Nel 2025 aumentano le ore di cassa integrazione in provincia di Cremona.
Il dato complessivo registra una crescita del 16,9% rispetto al 2024: a incidere maggiormente è il ricorso alla cassa integrazione ordinaria (che sfiora i 2,6 milioni di ore) mentre quella straordinaria cala drasticamente di oltre il 90 per cento.
“Stiamo vivendo una fase di attesa – afferma Ivan Zaffanelli, segretario generale della Cisl Asse del Po – in un territorio che comunque resta industrialmente solido. La produzione, pur tenendo, si ferma spesso; le imprese reggono, ma non investono. Un atteggiamento prudente che rischia di trasformarsi in un freno strutturale”.

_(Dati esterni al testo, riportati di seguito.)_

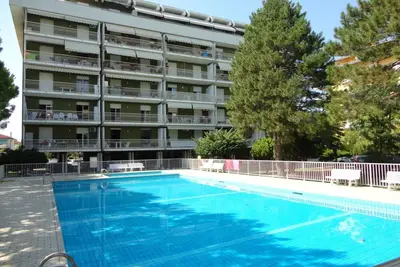 Image de Studio tout confort avec piscine et terrasse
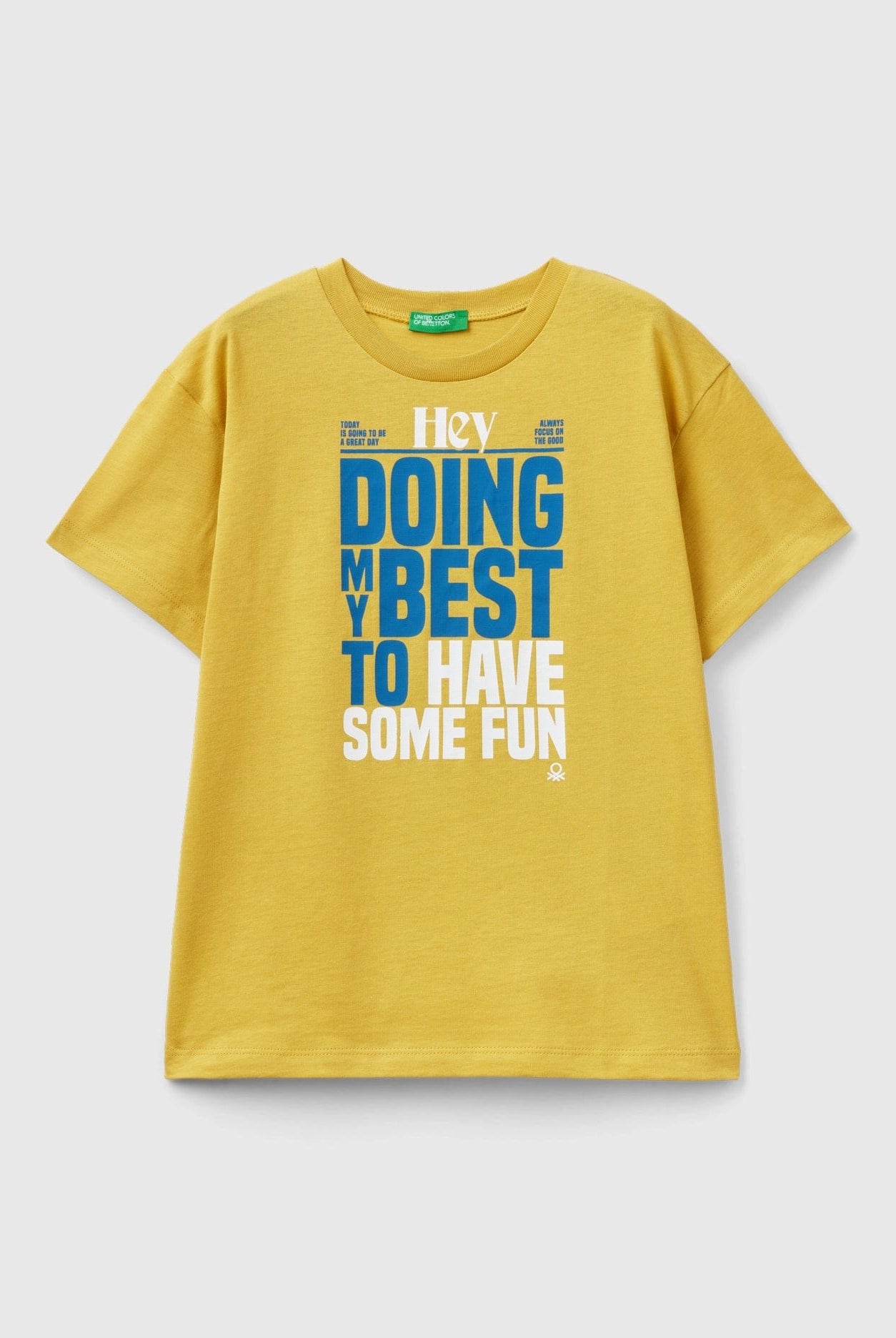 يونايتد كولورز اوف بينيتون تيشيرت برقبة دائرية وطباعة واسعة على الواجهة ولادي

La crescita della cassa integrazione ordinaria coinvolge settori importanti dell’economia locale come meccanica, chimica-plastica e alimentare.
“Ogni lavoratore in cassa integrazione perde circa il 20 per cento del reddito netto – ricorda Zaffanelli – e la precarietà prolungata pesa sulle famiglie e sulla tenuta sociale”.
“Per questo – conclude – la cassa integrazione va governata attraverso la contrattazione e accompagnata da percorsi di formazione e riqualificazione professionale, affinché i periodi di sospensione diventino un’occasione per rafforzare le competenze dei lavoratori e preparare la ripresa“.